WORK ITEM:
The entries below should be written out again exactly as they stand.
*** Opening of MATERIALS PROVIDED ***
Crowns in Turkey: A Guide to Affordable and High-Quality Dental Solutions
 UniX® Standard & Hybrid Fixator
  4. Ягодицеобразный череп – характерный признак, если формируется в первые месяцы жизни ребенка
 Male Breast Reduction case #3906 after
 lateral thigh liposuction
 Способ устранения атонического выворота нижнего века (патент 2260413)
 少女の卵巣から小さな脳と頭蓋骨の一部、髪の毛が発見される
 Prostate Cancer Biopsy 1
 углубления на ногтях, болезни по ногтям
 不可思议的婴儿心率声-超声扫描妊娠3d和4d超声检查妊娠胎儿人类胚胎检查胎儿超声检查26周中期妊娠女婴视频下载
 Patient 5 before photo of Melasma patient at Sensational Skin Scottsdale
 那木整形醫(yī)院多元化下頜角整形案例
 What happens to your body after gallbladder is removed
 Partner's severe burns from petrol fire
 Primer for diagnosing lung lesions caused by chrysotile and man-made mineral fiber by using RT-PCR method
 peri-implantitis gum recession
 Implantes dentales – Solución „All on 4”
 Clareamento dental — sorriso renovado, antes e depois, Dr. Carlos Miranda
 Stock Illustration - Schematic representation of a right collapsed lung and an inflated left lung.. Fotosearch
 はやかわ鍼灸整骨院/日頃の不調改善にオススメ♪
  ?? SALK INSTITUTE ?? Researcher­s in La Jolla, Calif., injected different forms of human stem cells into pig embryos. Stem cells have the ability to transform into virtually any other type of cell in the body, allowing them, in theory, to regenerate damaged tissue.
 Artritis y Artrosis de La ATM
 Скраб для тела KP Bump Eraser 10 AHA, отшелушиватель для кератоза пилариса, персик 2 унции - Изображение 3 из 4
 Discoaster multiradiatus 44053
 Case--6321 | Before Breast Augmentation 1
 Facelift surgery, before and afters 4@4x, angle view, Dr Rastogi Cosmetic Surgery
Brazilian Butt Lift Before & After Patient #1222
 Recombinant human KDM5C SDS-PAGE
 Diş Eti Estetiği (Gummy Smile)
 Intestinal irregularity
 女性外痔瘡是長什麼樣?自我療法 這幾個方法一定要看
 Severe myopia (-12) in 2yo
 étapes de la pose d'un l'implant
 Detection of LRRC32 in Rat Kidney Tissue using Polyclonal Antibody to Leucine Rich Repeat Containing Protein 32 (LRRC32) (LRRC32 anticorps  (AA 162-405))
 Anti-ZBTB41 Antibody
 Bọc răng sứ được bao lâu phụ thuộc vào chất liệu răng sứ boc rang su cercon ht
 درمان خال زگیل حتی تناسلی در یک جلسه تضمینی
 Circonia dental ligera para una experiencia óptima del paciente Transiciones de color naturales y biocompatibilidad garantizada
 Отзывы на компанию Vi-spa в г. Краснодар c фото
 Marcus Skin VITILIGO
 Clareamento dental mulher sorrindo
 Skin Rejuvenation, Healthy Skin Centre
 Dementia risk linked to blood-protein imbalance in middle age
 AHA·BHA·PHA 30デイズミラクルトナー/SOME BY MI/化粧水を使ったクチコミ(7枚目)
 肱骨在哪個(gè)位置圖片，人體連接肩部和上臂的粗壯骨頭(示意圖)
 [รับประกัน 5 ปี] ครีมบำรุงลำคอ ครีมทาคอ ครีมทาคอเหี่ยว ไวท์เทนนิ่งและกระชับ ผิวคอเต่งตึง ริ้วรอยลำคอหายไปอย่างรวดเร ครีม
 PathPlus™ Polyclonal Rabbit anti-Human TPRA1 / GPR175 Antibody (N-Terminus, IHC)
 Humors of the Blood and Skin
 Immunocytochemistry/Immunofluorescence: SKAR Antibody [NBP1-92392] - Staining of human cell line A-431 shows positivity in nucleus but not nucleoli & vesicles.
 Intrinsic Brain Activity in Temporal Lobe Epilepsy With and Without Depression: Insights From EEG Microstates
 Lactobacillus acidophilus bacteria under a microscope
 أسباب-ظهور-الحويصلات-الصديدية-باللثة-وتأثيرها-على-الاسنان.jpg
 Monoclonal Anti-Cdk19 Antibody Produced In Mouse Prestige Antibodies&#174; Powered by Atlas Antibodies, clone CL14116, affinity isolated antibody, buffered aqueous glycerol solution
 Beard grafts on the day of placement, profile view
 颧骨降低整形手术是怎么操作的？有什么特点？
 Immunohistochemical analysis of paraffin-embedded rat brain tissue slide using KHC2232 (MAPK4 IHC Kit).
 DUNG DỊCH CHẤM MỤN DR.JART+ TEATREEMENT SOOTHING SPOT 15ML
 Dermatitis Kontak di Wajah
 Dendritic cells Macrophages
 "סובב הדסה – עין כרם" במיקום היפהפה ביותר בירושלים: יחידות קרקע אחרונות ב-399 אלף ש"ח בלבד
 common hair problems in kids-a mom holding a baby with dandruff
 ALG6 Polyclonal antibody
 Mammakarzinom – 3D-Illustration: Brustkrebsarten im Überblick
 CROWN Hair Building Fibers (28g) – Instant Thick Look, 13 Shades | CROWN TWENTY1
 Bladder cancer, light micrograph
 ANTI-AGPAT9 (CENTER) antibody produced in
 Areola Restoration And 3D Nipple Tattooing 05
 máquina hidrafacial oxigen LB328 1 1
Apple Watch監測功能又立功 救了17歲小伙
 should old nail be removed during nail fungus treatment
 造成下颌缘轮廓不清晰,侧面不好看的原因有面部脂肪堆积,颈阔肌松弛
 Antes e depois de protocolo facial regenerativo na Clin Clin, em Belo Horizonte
*** Close of MATERIALS PROVIDED ***
SOLUTION FOR THIS TASK:
Crowns in Turkey: A Guide to Affordable and High-Quality Dental Solutions
 UniX® Standard & Hybrid Fixator
  4. Ягодицеобразный череп – характерный признак, если формируется в первые месяцы жизни ребенка
 Male Breast Reduction case #3906 after
 lateral thigh liposuction
 Способ устранения атонического выворота нижнего века (патент 2260413)
 少女の卵巣から小さな脳と頭蓋骨の一部、髪の毛が発見される
 Prostate Cancer Biopsy 1
 углубления на ногтях, болезни по ногтям
 不可思议的婴儿心率声-超声扫描妊娠3d和4d超声检查妊娠胎儿人类胚胎检查胎儿超声检查26周中期妊娠女婴视频下载
 Patient 5 before photo of Melasma patient at Sensational Skin Scottsdale
 那木整形醫(yī)院多元化下頜角整形案例
 What happens to your body after gallbladder is removed
 Partner's severe burns from petrol fire
 Primer for diagnosing lung lesions caused by chrysotile and man-made mineral fiber by using RT-PCR method
 peri-implantitis gum recession
 Implantes dentales – Solución „All on 4”
 Clareamento dental — sorriso renovado, antes e depois, Dr. Carlos Miranda
 Stock Illustration - Schematic representation of a right collapsed lung and an inflated left lung.. Fotosearch
 はやかわ鍼灸整骨院/日頃の不調改善にオススメ♪
  ?? SALK INSTITUTE ?? Researcher­s in La Jolla, Calif., injected different forms of human stem cells into pig embryos. Stem cells have the ability to transform into virtually any other type of cell in the body, allowing them, in theory, to regenerate damaged tissue.
 Artritis y Artrosis de La ATM
 Скраб для тела KP Bump Eraser 10 AHA, отшелушиватель для кератоза пилариса, персик 2 унции - Изображение 3 из 4
 Discoaster multiradiatus 44053
 Case--6321 | Before Breast Augmentation 1
 Facelift surgery, before and afters 4@4x, angle view, Dr Rastogi Cosmetic Surgery
Brazilian Butt Lift Before & After Patient #1222
 Recombinant human KDM5C SDS-PAGE
 Diş Eti Estetiği (Gummy Smile)
 Intestinal irregularity
 女性外痔瘡是長什麼樣?自我療法 這幾個方法一定要看
 Severe myopia (-12) in 2yo
 étapes de la pose d'un l'implant
 Detection of LRRC32 in Rat Kidney Tissue using Polyclonal Antibody to Leucine Rich Repeat Containing Protein 32 (LRRC32) (LRRC32 anticorps  (AA 162-405))
 Anti-ZBTB41 Antibody
 Bọc răng sứ được bao lâu phụ thuộc vào chất liệu răng sứ boc rang su cercon ht
 درمان خال زگیل حتی تناسلی در یک جلسه تضمینی
 Circonia dental ligera para una experiencia óptima del paciente Transiciones de color naturales y biocompatibilidad garantizada
 Отзывы на компанию Vi-spa в г. Краснодар c фото
 Marcus Skin VITILIGO
 Clareamento dental mulher sorrindo
 Skin Rejuvenation, Healthy Skin Centre
 Dementia risk linked to blood-protein imbalance in middle age
 AHA·BHA·PHA 30デイズミラクルトナー/SOME BY MI/化粧水を使ったクチコミ(7枚目)
 肱骨在哪個(gè)位置圖片，人體連接肩部和上臂的粗壯骨頭(示意圖)
 [รับประกัน 5 ปี] ครีมบำรุงลำคอ ครีมทาคอ ครีมทาคอเหี่ยว ไวท์เทนนิ่งและกระชับ ผิวคอเต่งตึง ริ้วรอยลำคอหายไปอย่างรวดเร ครีม
 PathPlus™ Polyclonal Rabbit anti-Human TPRA1 / GPR175 Antibody (N-Terminus, IHC)
 Humors of the Blood and Skin
 Immunocytochemistry/Immunofluorescence: SKAR Antibody [NBP1-92392] - Staining of human cell line A-431 shows positivity in nucleus but not nucleoli & vesicles.
 Intrinsic Brain Activity in Temporal Lobe Epilepsy With and Without Depression: Insights From EEG Microstates
 Lactobacillus acidophilus bacteria under a microscope
 أسباب-ظهور-الحويصلات-الصديدية-باللثة-وتأثيرها-على-الاسنان.jpg
 Monoclonal Anti-Cdk19 Antibody Produced In Mouse Prestige Antibodies&#174; Powered by Atlas Antibodies, clone CL14116, affinity isolated antibody, buffered aqueous glycerol solution
 Beard grafts on the day of placement, profile view
 颧骨降低整形手术是怎么操作的？有什么特点？
 Immunohistochemical analysis of paraffin-embedded rat brain tissue slide using KHC2232 (MAPK4 IHC Kit).
 DUNG DỊCH CHẤM MỤN DR.JART+ TEATREEMENT SOOTHING SPOT 15ML
 Dermatitis Kontak di Wajah
 Dendritic cells Macrophages
 "סובב הדסה – עין כרם" במיקום היפהפה ביותר בירושלים: יחידות קרקע אחרונות ב-399 אלף ש"ח בלבד
 common hair problems in kids-a mom holding a baby with dandruff
 ALG6 Polyclonal antibody
 Mammakarzinom – 3D-Illustration: Brustkrebsarten im Überblick
 CROWN Hair Building Fibers (28g) – Instant Thick Look, 13 Shades | CROWN TWENTY1
 Bladder cancer, light micrograph
 ANTI-AGPAT9 (CENTER) antibody produced in
 Areola Restoration And 3D Nipple Tattooing 05
 máquina hidrafacial oxigen LB328 1 1
Apple Watch監測功能又立功 救了17歲小伙
 should old nail be removed during nail fungus treatment
 造成下颌缘轮廓不清晰,侧面不好看的原因有面部脂肪堆积,颈阔肌松弛
 Antes e depois de protocolo facial regenerativo na Clin Clin, em Belo Horizonte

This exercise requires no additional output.